A propagação do fenómeno é incontrolável quando os objectivos da Razão se subvertem e esta se prostitui, como acontece com a adopção das Teorias Raciais da História.

Este romance pode ser um despertar do desejo de entender acontecimentos fundamentais, ocorridos no século passado e que, normalmente, não são muito debatidos ou analisados nas nossas aulas de História, tais como: a Conferência de Yalta, o Maio de 68 ou o golpe de estado na Pérsia (actual Irão) que derrubou a monarquia e ao qual sucedeu o regime teocrático dos Ayatollahs, que perdura até aos nossos dias e o consequente alcance das respectivas transformações a nível psicológico e social.

Mas Catherine Clément não se fica por aqui. A sua crítica demolidora estende-se a Freud e à psicanálise, à generalização abusiva da explicação do comportamento sexual tendo por base o complexo de Édipo e à perspectiva redutora que encara toda e qualquer neurose como sendo de origem sexual.
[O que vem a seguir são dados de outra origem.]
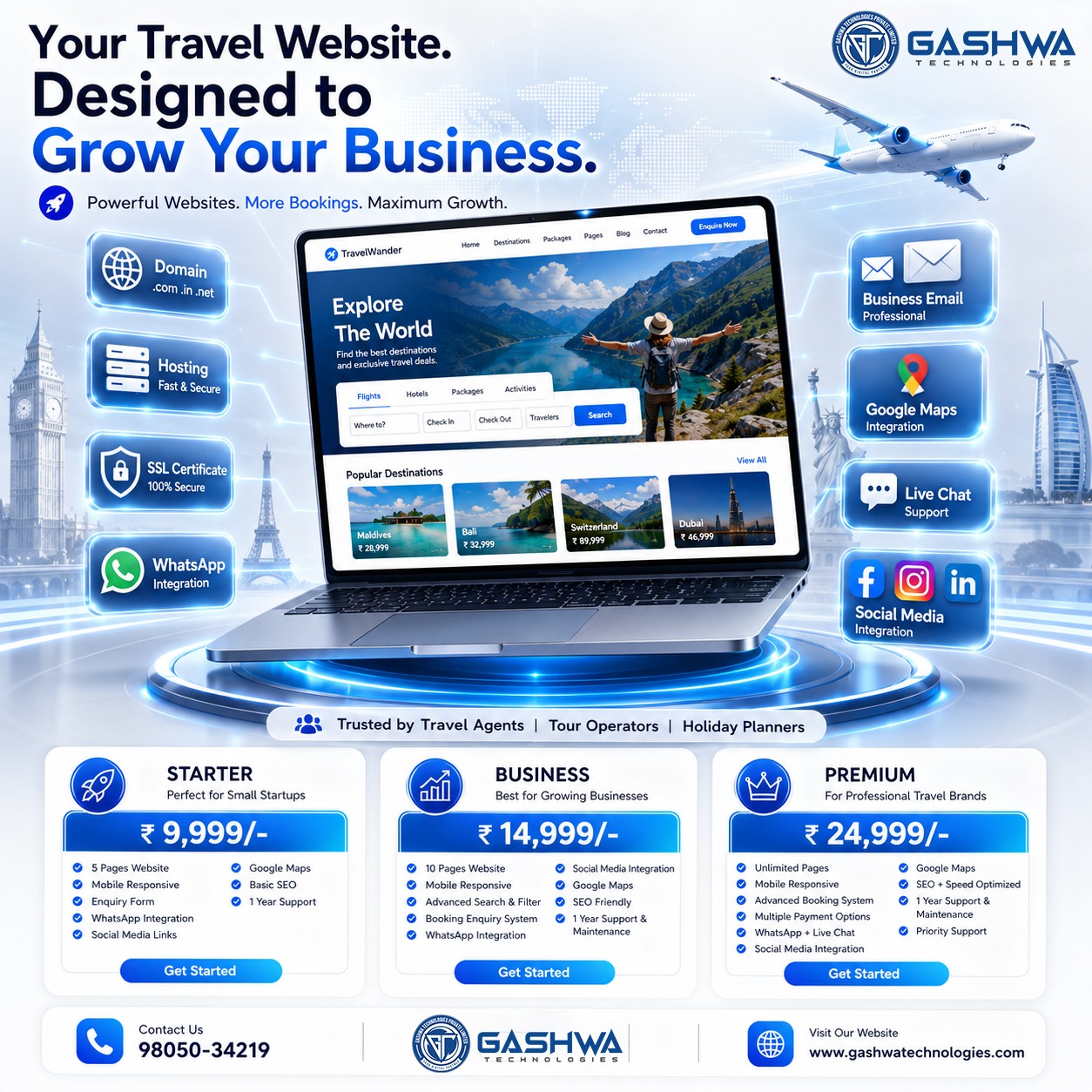 Gashwa Technologies Private Limited Facebook ad: Send WhatsApp Message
A sua forma de expressão é corrosiva e implacável. O brilhantismo da autora está patente na forma como esta encontra as falhas dos diferentes paradigmas (análise dos estudos antropológicos de Lévi-Strauss) estabelecendo as conexões mais impensáveis, sem contudo se prender à necessidade de demonstrar a validade e a veracidade das hipóteses por ela propostas, segundo as regras do método científico, deixando-nos a nós a tarefa de tentarmos encontrar um novo paradigma que cubra essas mesmas lacunas.O seu papel de "advogada do Diabo" contrasta fortemente com o conformismo do outro participante do documentário que é piedosa e significativamente apelidado pela própria ex-esposa de "chibinho", isto é, de cabritinho!

O toque "picante" deste pouco ortodoxo romance reside no foco dimensão humana dos filósofos do século precedente, que nós tendemos a considerar como deuses quando, na realidade, são apenas homens. É desta forma que Lévi-Srauss, Camus, Freud, Foucault, Lacan, Althusser, Sartre e muitos outros são "dissecados" perante o grande público, expondo os seus pensamentos e motivações mais viscerais, com o objectivo de despoletar a curiosidade e desenvolver, de uma forma extremamente divertida e lúdica, a capacidade crítica dos leitores.

Um livro que mostrar que a Razão, por vezes, também é corruptível. Imprescindível para aqueles que prezam a flexibilidade, a liberdade e a criatividade do pensamento.